Patients were then monitored for a further five months to assess their recovery, by collecting endpoints including cognitive measurements and MRI scans.
The top line results for the primary endpoints of safety and tolerability, and blood flow, along with key secondary endpoints measuring cognition, MRI and biomarkers, were expected to be announced in the fourth quarter of 2019.
Evgen said the trial recruited a total of 104 patients, split into two arms in a randomised, double-blind, placebo-controlled trial.
All patients received the current standard of care - a calcium channel blocker called ‘Nimodipine’, in addition to ‘SFX-01’ or the placebo.
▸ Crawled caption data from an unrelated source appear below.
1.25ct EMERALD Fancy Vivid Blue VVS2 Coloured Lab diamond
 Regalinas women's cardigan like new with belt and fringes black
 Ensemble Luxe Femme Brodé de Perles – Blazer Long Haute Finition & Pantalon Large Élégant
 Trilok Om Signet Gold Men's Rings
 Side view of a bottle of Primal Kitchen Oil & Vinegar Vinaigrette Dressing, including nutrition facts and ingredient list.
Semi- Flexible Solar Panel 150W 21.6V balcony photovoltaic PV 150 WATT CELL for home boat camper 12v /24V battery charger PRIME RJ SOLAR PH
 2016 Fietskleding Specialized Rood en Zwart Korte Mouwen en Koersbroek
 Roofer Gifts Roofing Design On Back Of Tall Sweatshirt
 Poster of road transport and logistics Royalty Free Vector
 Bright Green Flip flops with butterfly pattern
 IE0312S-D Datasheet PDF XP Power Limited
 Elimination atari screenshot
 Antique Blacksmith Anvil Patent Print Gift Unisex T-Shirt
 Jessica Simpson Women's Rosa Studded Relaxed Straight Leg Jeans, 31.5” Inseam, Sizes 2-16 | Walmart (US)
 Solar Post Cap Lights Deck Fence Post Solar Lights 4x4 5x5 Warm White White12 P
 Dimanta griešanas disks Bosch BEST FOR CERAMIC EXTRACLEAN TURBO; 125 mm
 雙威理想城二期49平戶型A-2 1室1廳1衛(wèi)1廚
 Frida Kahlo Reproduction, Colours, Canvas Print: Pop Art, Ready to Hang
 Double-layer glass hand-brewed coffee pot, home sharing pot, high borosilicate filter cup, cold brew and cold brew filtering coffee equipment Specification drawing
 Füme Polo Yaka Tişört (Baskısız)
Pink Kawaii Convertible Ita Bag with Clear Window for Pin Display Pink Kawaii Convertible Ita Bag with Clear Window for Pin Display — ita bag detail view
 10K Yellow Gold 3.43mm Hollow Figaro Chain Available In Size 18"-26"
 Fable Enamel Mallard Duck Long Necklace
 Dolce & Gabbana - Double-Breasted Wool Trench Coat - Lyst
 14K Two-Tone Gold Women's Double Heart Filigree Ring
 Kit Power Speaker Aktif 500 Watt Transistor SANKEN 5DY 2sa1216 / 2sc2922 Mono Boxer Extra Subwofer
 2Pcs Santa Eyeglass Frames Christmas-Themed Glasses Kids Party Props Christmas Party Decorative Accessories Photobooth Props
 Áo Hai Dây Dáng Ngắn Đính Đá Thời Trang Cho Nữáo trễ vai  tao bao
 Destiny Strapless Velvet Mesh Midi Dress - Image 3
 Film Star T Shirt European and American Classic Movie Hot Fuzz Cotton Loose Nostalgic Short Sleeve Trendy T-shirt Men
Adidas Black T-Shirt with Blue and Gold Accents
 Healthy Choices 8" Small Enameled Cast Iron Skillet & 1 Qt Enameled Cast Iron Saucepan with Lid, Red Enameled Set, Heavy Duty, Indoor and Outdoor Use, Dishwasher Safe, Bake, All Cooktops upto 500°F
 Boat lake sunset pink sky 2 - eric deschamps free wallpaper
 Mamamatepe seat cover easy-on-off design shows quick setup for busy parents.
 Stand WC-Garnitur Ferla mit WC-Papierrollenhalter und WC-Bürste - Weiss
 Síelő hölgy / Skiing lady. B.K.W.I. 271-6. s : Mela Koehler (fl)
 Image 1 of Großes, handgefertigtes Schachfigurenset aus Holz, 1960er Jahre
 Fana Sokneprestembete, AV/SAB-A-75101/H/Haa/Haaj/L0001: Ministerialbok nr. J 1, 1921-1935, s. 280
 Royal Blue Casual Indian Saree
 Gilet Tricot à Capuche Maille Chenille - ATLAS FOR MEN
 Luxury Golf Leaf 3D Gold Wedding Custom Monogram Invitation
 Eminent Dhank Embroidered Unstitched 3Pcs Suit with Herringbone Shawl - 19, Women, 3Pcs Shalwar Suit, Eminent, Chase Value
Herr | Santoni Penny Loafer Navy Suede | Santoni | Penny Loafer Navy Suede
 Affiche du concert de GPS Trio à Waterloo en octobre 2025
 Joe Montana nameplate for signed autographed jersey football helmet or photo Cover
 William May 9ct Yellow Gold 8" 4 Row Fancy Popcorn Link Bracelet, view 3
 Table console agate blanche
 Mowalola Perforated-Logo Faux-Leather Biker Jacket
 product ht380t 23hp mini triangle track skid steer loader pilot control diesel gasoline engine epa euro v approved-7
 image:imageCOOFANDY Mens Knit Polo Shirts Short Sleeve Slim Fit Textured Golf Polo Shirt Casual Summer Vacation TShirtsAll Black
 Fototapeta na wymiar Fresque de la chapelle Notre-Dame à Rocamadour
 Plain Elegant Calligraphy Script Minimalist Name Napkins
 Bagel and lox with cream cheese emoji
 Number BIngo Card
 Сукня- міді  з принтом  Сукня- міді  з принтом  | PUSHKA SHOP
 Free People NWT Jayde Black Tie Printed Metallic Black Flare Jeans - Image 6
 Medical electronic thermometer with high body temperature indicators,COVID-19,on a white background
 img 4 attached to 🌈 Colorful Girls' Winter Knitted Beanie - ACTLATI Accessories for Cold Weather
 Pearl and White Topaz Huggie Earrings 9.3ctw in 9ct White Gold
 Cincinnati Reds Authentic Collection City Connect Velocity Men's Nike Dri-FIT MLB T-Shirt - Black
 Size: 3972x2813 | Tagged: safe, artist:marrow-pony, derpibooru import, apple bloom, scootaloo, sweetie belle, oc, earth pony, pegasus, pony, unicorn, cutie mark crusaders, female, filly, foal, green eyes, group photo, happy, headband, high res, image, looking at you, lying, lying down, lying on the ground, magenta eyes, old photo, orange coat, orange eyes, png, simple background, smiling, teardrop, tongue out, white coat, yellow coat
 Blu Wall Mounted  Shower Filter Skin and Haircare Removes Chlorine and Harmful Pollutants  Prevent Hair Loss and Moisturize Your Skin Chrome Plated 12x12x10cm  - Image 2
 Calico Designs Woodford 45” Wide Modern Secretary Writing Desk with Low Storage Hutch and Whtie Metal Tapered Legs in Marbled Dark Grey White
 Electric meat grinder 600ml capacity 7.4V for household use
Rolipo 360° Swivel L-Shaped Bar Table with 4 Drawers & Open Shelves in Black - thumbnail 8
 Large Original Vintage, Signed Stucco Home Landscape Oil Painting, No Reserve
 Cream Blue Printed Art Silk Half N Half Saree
Nimodipine, first approved in the late 1980s, offered a “marginal” clinical improvement only, the company claimed, and thus there remained a large clinical need to reduce the cognitive deficits that could follow a DCI.
The clinical team was now reportedly focussed on the cleaning, validation and analysis of the large volume of data collected in the trial.
Evgen said the SAS trial would be the second phase 2 clinical trial readout from the company in the current year, after it announced in March that SFX-01 had successfully met the primary endpoints in the ‘STEM’ trial - an open label phase 2 trial in patients with metastatic breast cancer that had become resistant to hormone therapy, and with demonstrable progressive disease.
“We look forward to being able to announce the SAS clinical trial results later this year,” said Evgen Pharma chief executive officer Steve Franklin.
“There has been no material innovation, in terms of new drugs for treating subarachnoid haemorrhage (SAH), for approximately 30 years and so a positive readout would represent significant news for the pharmaceutical industry.”
Franklin said that on an annual basis, around 75,000 people had a SAH in the US and EU and, based on the most recent analyst forecast, that could translate into peak sales of around $500m.
“We have already secured orphan drug designation in the US and the SAS trial will enable an application for similar status in Europe.”